Mark Webber claimed the Hungarian win and took the lead in the championship, after Lewis Hamilton, who was running in fourth at the time, only completed a third of the race due to transmission problems.

Things didn’t go quite as expected for the Red Bulls, as they had to worker harder for the win than most people thought they would have to, thanks to the appearance of the safety car and the subsequent drive-through penalty for Sebastian Vettel.

After the start, where Vettel he was challenged by Alonso from immediately behind him on the grid, it initially seemed that the German would walk the race, as at one point he held a 12 second lead, but that all changed on lap 16 when the safety car was called out, to allow the clearing up of the remains of Tonio Liuzzi’s front wing.

There was then plenty of activity in the pit lane, as all but three drivers pitted, but critically Webber didn’t, along with Rubens Barrichello and Jarno Trulli all stayed out.  In the mayhem, Rosberg’s newly fitted rear right wheel fell off, and bounced down the pit lane, just avoiding all but one of the pit crew members (he sustained minor injuries).  At about the same time Robert Kubica’s Renault an Adrian Suti’s Force India collided, when Adrian was let out into the pit lane, just as Robert was coming into his box.  Both teams were later fined $50,000 for the unsafe release of their drivers.

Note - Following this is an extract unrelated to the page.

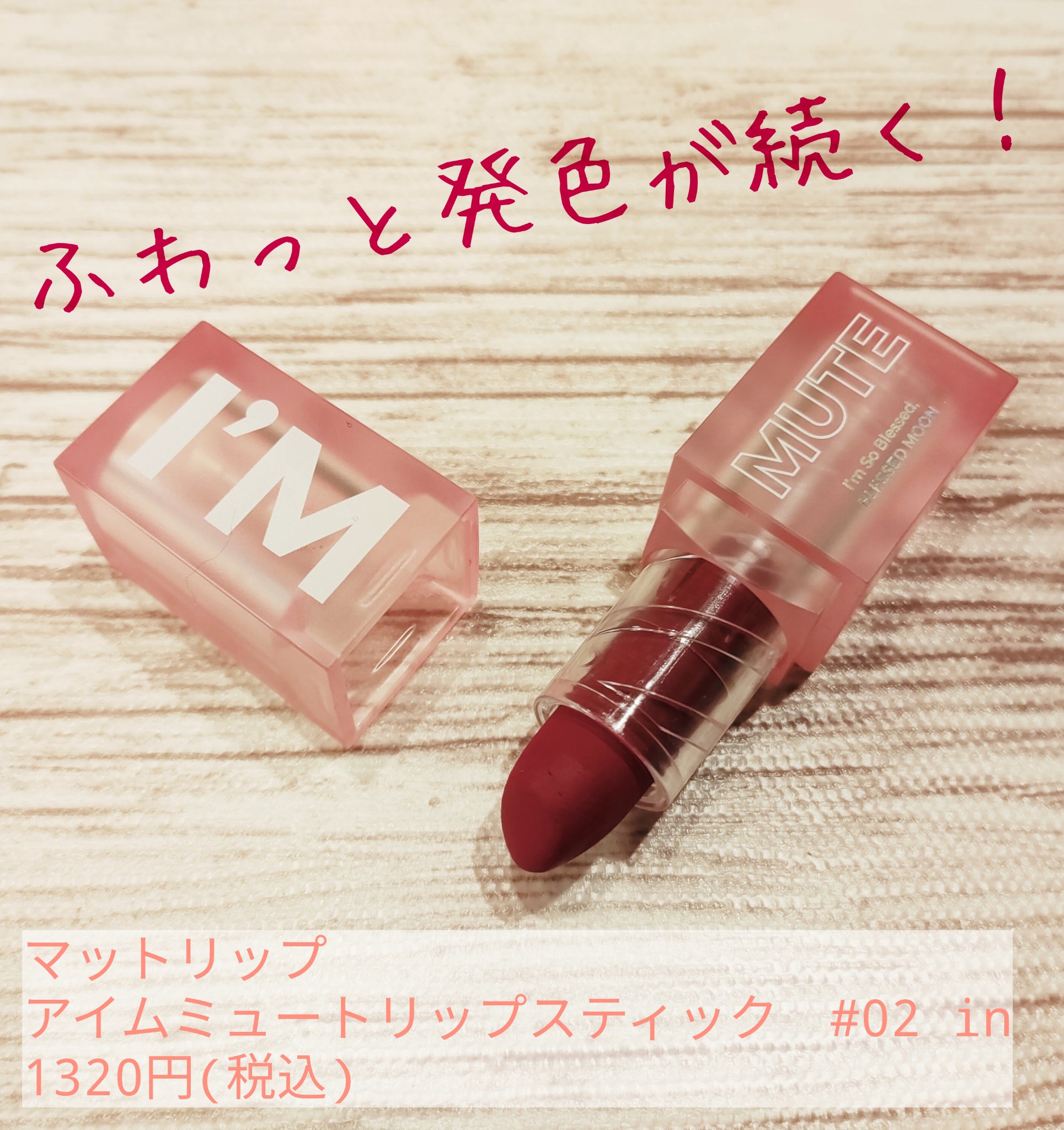 アイムミュートリップスティック 02 イン/BLESSED MOON/口紅を使ったクチコミ（1枚目）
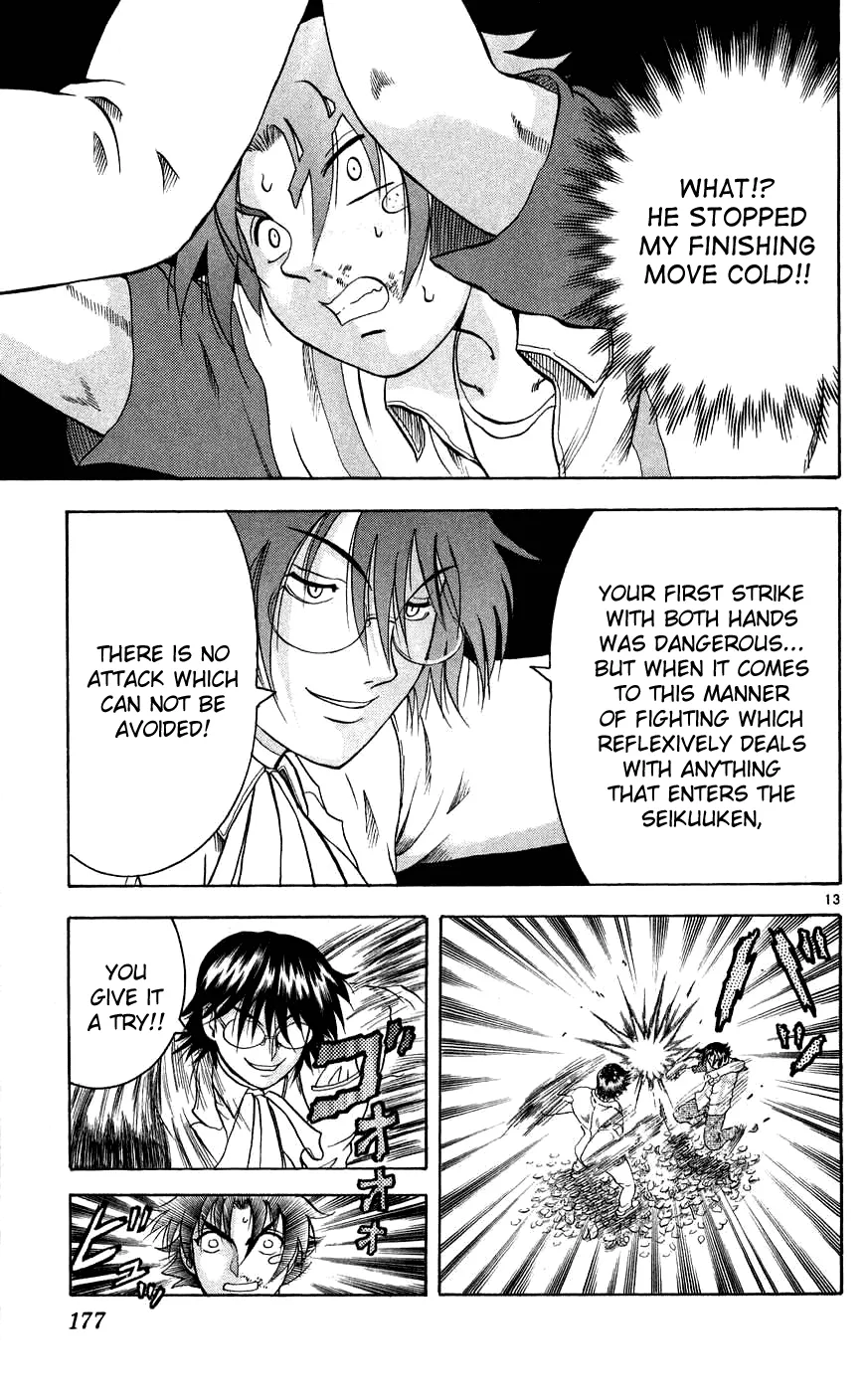 Read Historys Strongest Disciple Kenichi en Manga Online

Webber was now in prime position, and on the restart Vettel, who later said he didn’t realise the safety car was going in that lap, failed to keep within 10 car lengths of the safety car.  (This rule is primarily to avoid drivers slowing up those behind them, to allow their team member to gain an unfair advantage at the re-start.  I suspect this was not the case with Vettel !).  Much to his annoyance Seb was given a drive through penalty that put him well behind the now second placed Alonso, and he has little chance of reining the Spaniard in.


Schumacher puts the squeeze on Barrichello

There was further controversy on lap 66 as Rubens Barrichello and Michael Schumacher were fighting for the last available point.  They came close to having a major accident when Rubens made an overtaking move on the German, on the start/finish straight.  Michael squeezed him to within a few millimetres of the pit wall, and he only avoid it as the pit wall finished.  Schumie was later punished by the stewards, being given a 10 place demotion on the grid at Belgium, for impeding the Williams driver –the maximum punishment permissible at a race.

So it was Webber on the top step of the podium, with Alonso and Vettel on the lower levels.  Ferrari’s Felipe Massa took 4th, whilst Renault’s Vitaly Petrov and Williams’ Nico Hulkenberg both had good finishes taking the next two spots.  Sauber’s Pedro de la Rosa (who was a lap behind) scored his first points this season in 7th, ahead of McLaren’s Jenson Button.   But the man of the race for me was Sauber’s Kamui Kobayashi who, on a track that is well known for being difficult to overtake on, moved from 23rd to 9th by the end.  In 10th was Barrichello followed by Schumacher and Buemim Liuzzi. 

Lapped three times were Kovalainen, Trulli, Glock and Senna, with Di Grassi and Yamamoto a further lap behind.

Retirees were the previously mentioned Hamilton, Sutil, Kubica and Rosberg, along with Alguersuari’s Torro Rosso’s engine failure.

Overall just 20 points now separate the top five drivers – Webber (161), Hamilton (157), Vettel (151), Button (147) and Alonso (141), with Red Bull leading the constructors’ championship on 312 points, ahead of McLaren on 304.  Ferrari languishes in third with 238.